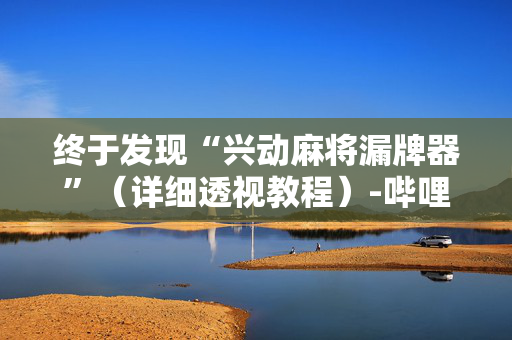 终于发现“兴动麻将漏牌器”（详细透视教程）-哔哩哔哩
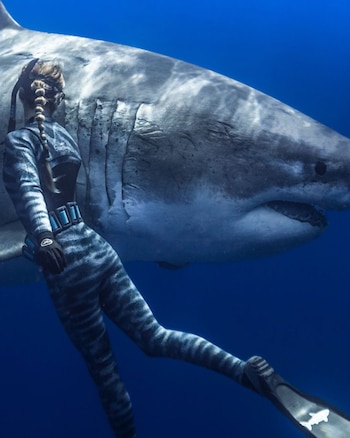 Ocean Ramsey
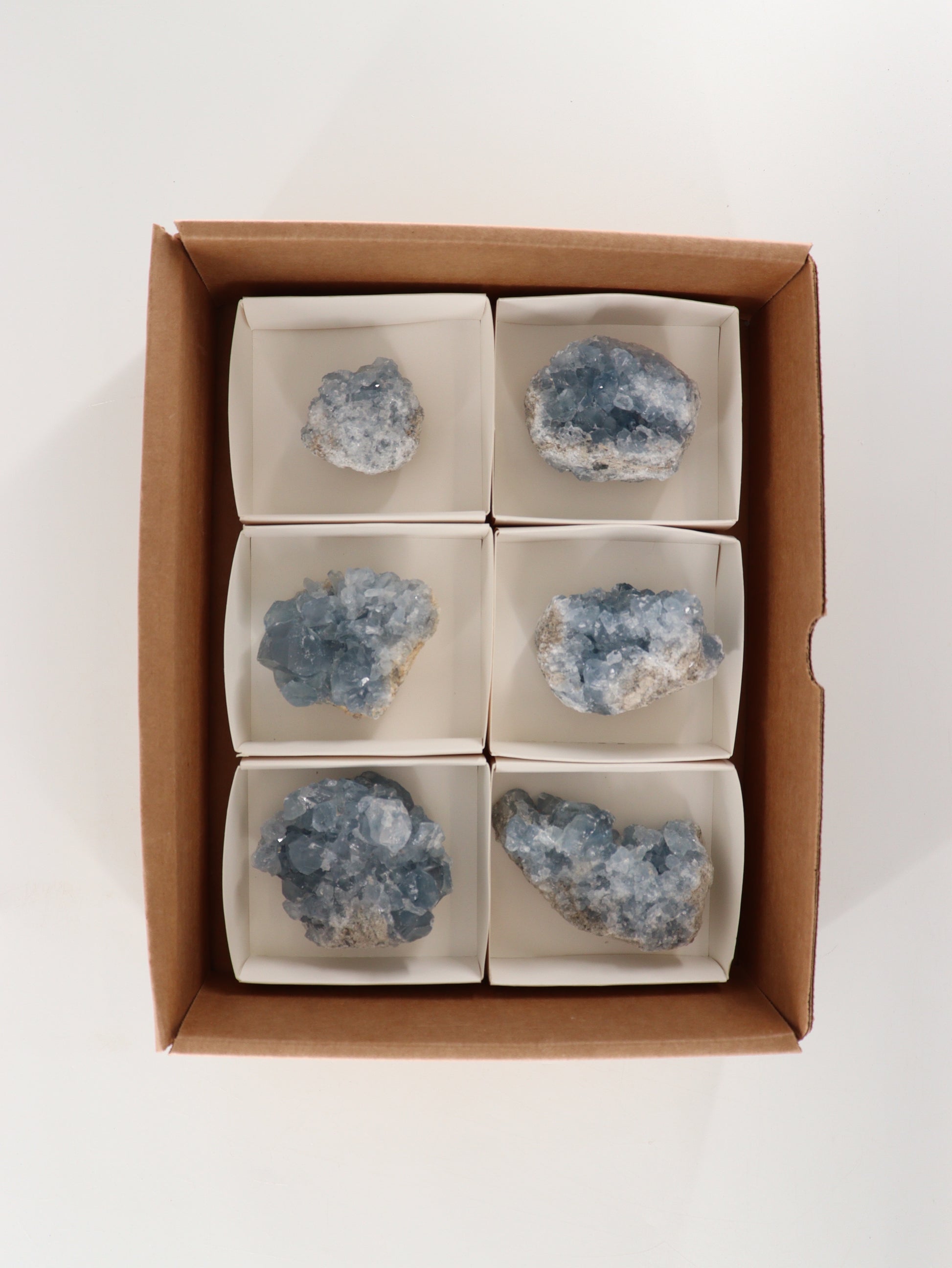 Celestite Clusters Set of 6 - Expert Wholesale and Supplier of Wholesale Crystals & Bulk Gemstones, []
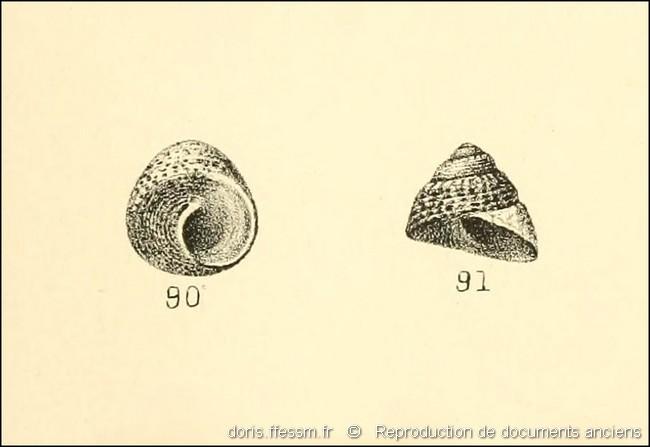 steromphala_rarilineata-rda-img_02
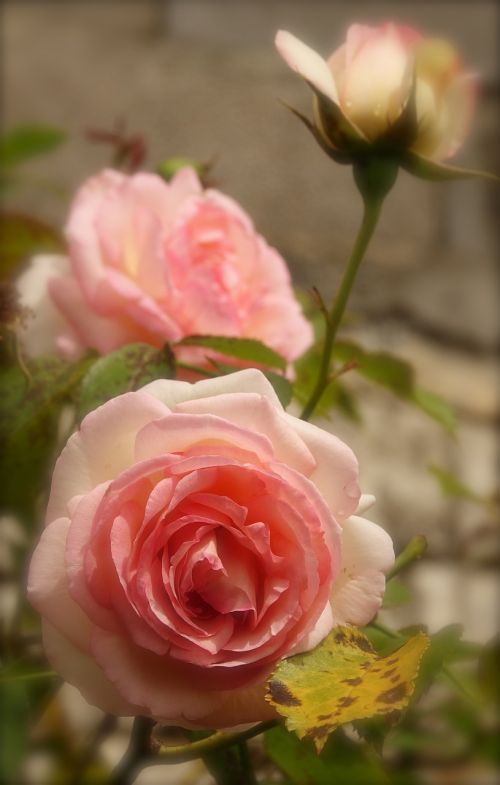 flower rosebush nature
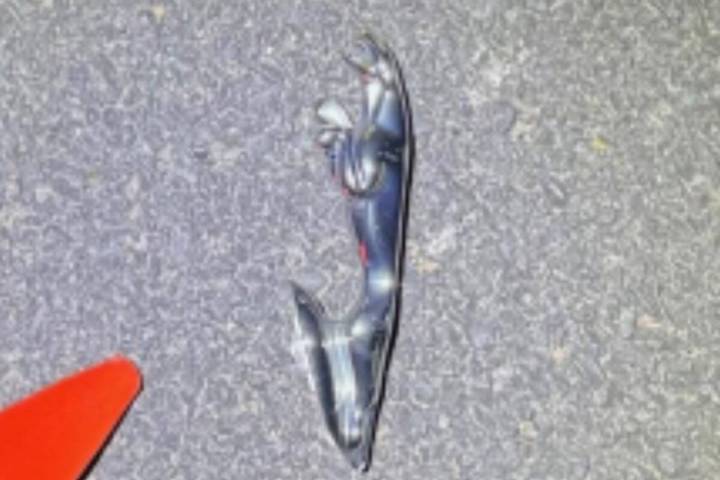 Police say this hood ornament from a 2001-2009 Jaguar X-Type vehicle was from a vehicle in conn ...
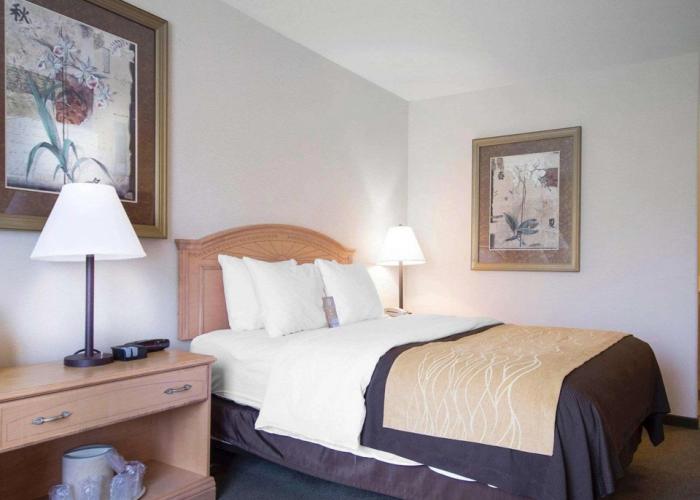 Comfort Inn & Suites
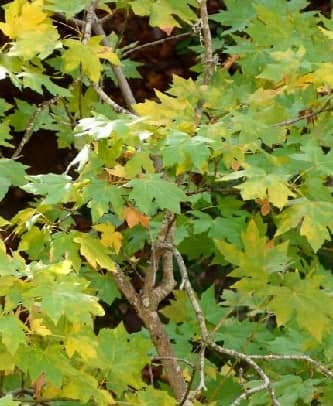 Big Leaf Maple Tree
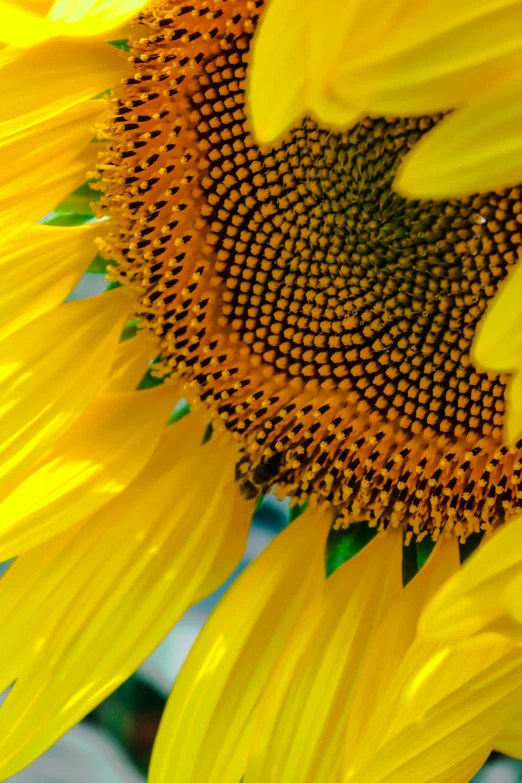 a sunflower with an interesting, yellow frilly, in the middle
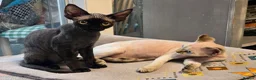 Devon Rex cats for sale: Ready now Black Devon Rex boy - Advert 8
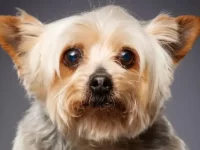 约克夏掉毛怎么办?处理约克夏掉毛的5种方法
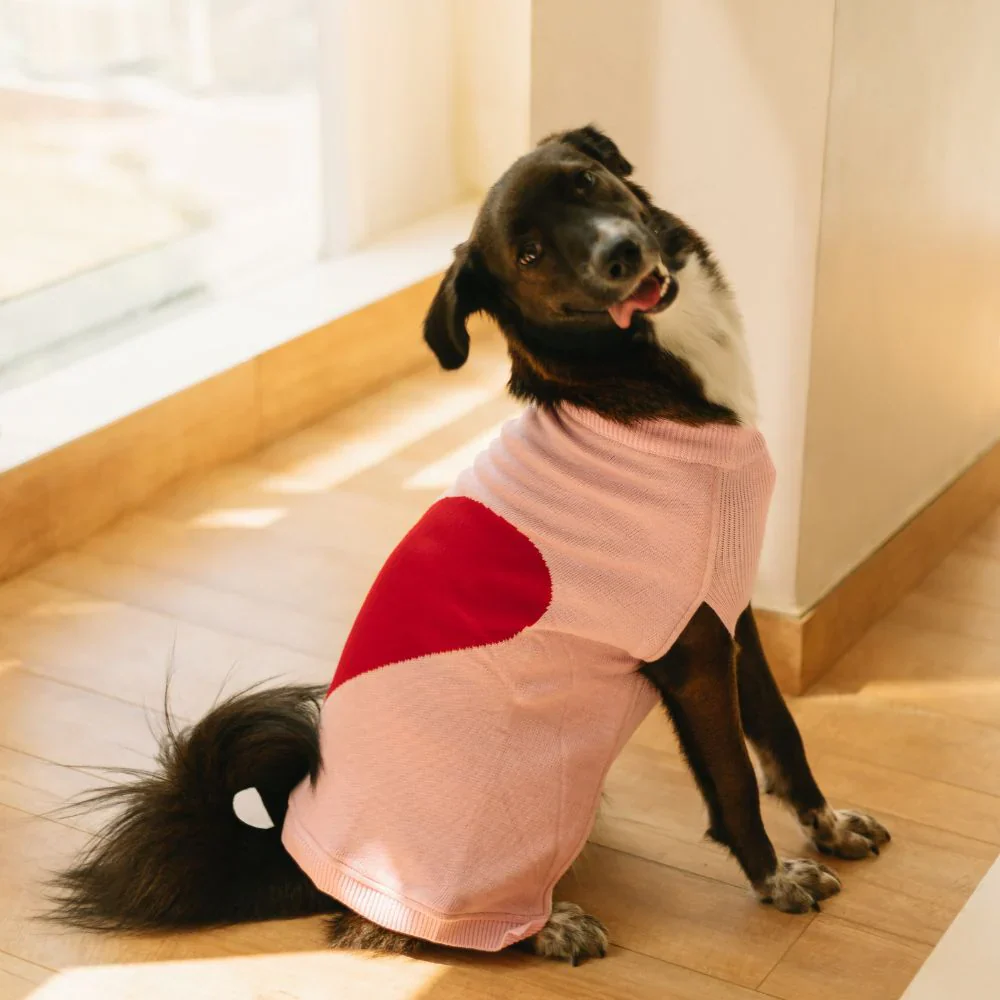 Pet Set Go Ira’s Sweater for Dogs and Cats (Red & Pink) - Image 6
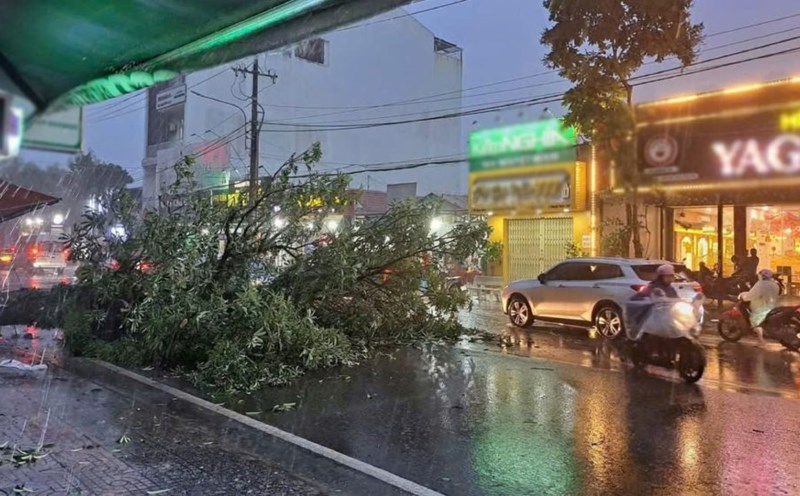 Thunderstorms and strong winds caused trees to fall in Phu Quoc.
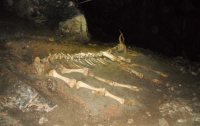 В Луганской области найдены останки животных, которые жили 10-30 тысяч лет назад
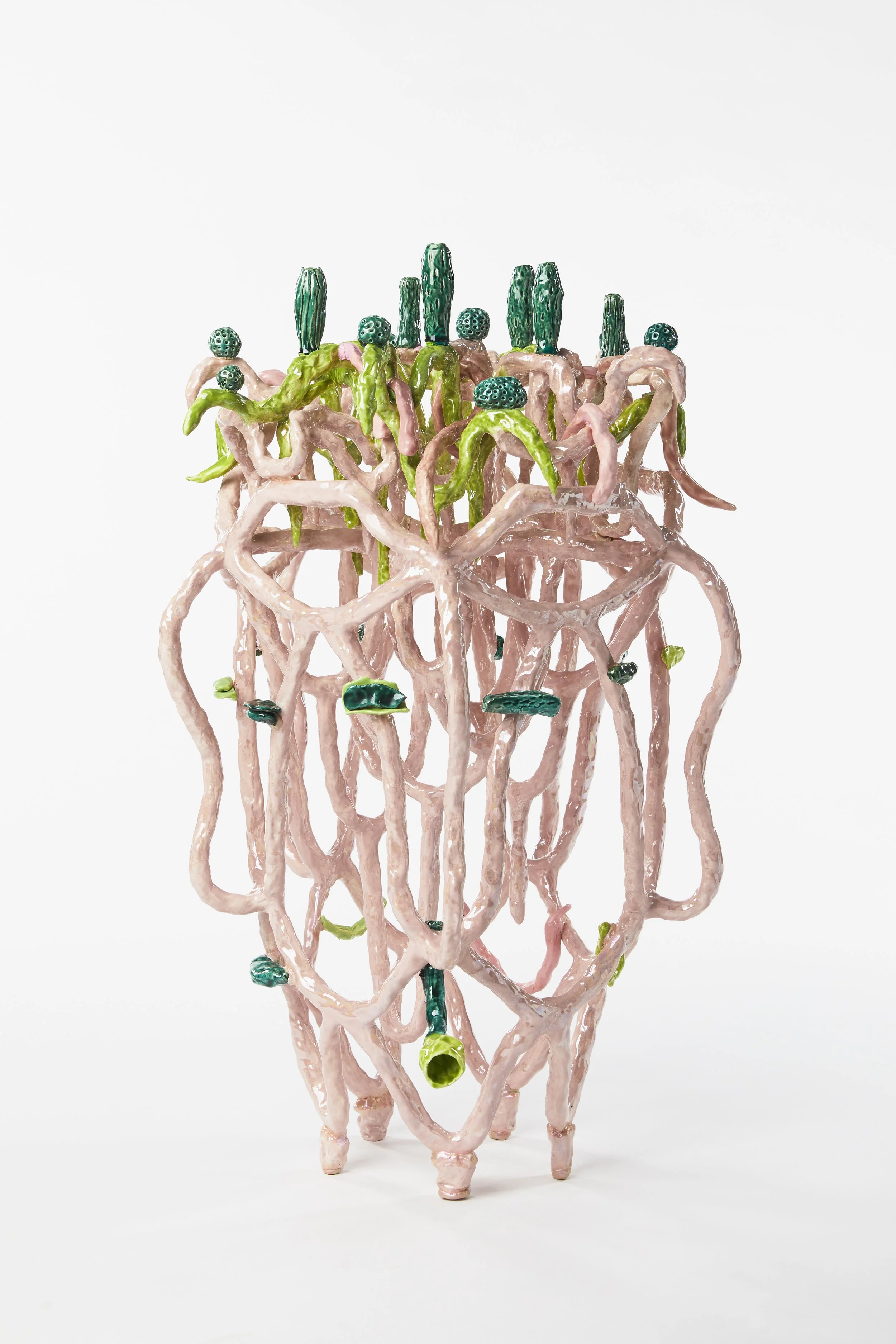 9. L Draper_ 2019_Spring.jpeg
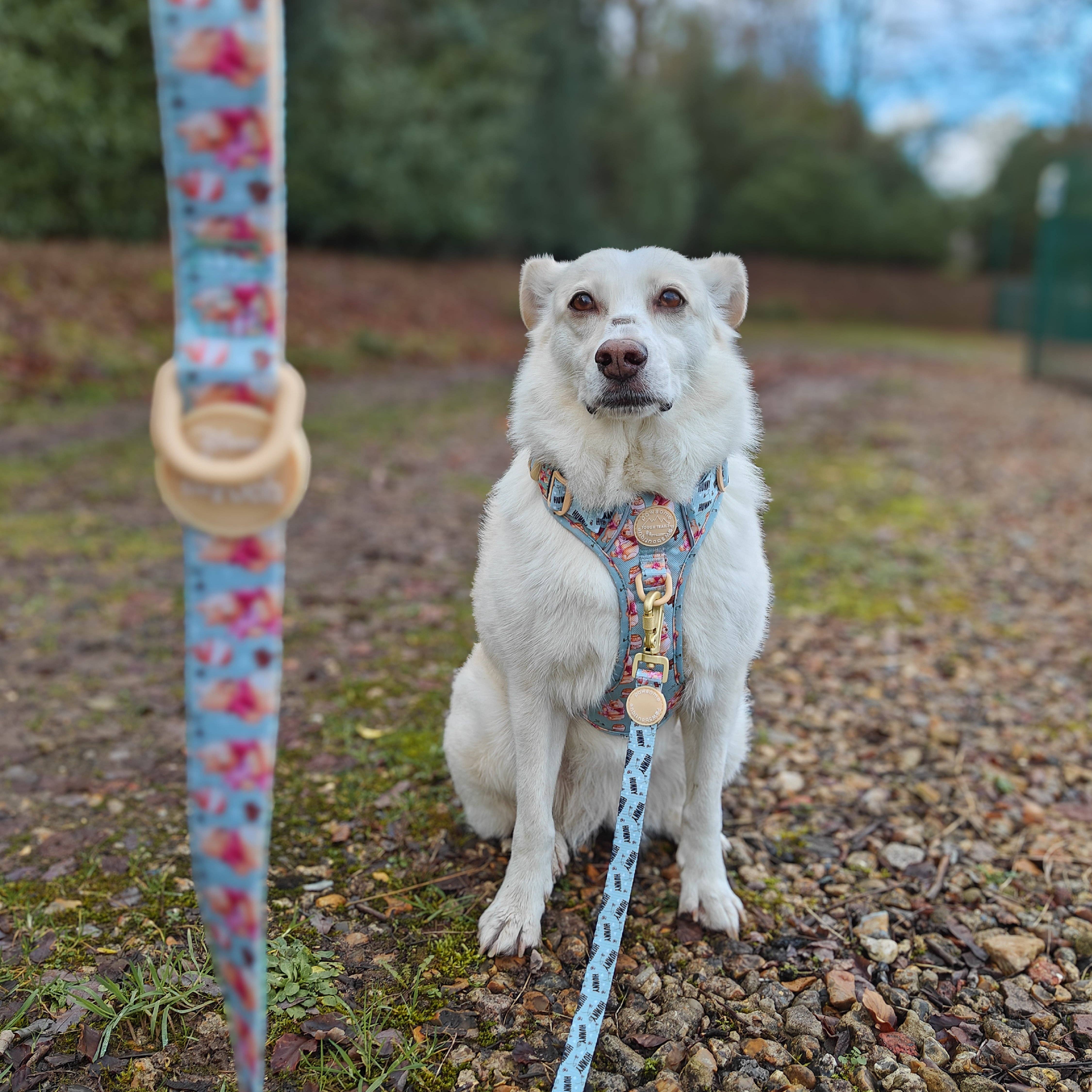 Pawsome Paws - Wholesale Pet Leash - Dog - Disney© Lead - Winnie the Pooh7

------------------------------------------------

[Goal of the exercise]
Nothing but an exact copy is needed, covering the lines from the line with "9. L Draper_ 2019_Spring.jpeg" through the last line of the entries, pictures excluded.

[Reply]
 9. L Draper_ 2019_Spring.jpeg
 Pawsome Paws - Wholesale Pet Leash - Dog - Disney© Lead - Winnie the Pooh7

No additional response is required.